At last he opened his eyes again and found that he really was kneeling against the wall. By the dim light that burned before her, very dim, except about the little shrine, he seemed to see her now more clearly than ever before. His eyes were wide awake and rested. They were made to peer into far spaces. It was not necessary even to wink. He looked steadily and easily at the statue.

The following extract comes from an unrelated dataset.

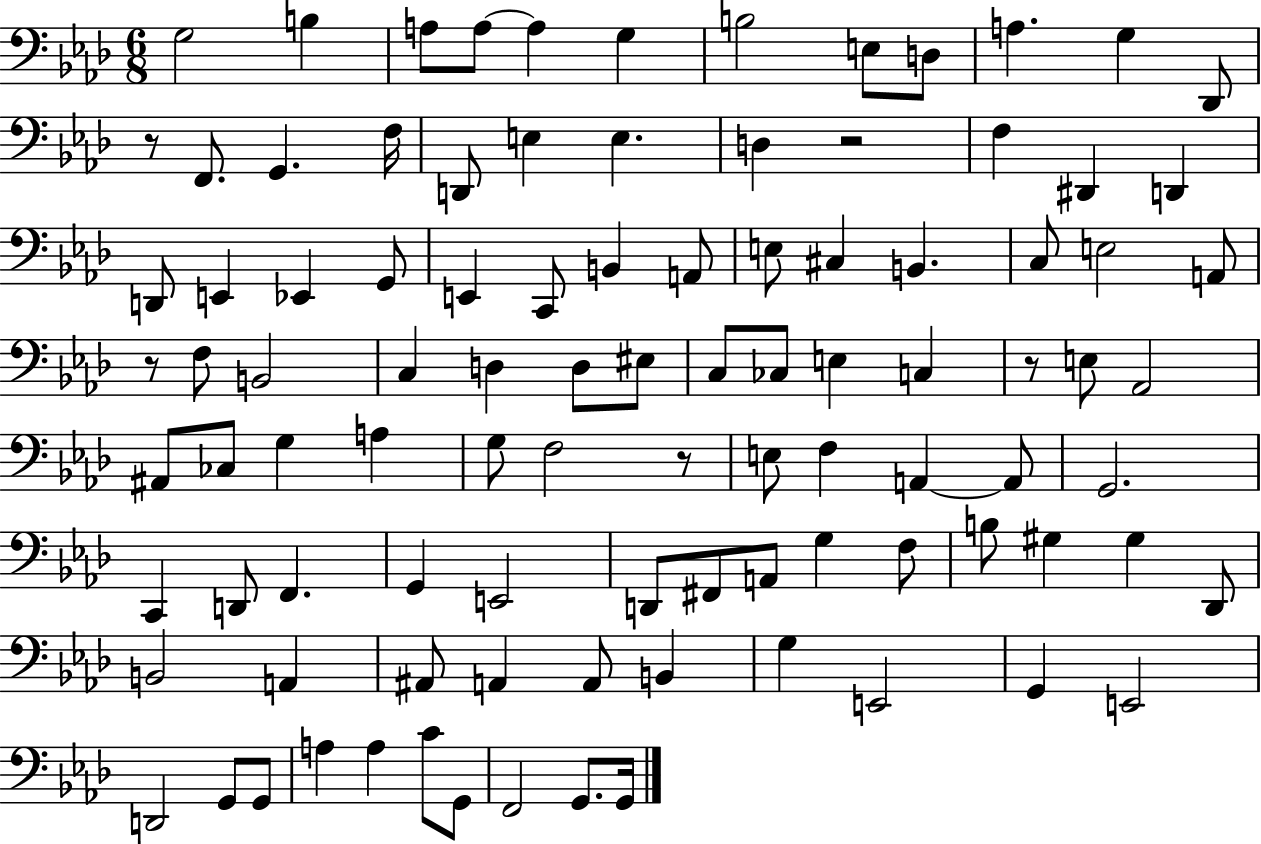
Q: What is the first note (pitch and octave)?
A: G3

It seemed to him that he saw her there now as the madonna of his dreams, but older, sweeter, with something more tender, more human, the mystic woman of the fountain touched and wafted by some ineffable experience into a being far more beautiful, sympathetic, and divine. And it seemed now to him, too, that for the first time he saw she was holding the child out to him as if he should draw near and touch it. He had been like that once. Was he now? Partly perhaps. The child was her son. Father Xavier had told him the story. Born in the rocky stable amid the oxen under the stars. And there had been more to that story. It was about the babe after he became a man. He had thought very little about that. Perhaps he should think more. Why did she hold him out that way ? Should he really draw near and touch him? He put out his hand. Then he saw that the child was still sleeping on her breast. He dared not awaken him. Not yet. "After a while," he thought. It was as though his lips went on speaking another's words. "After a while when you find him again."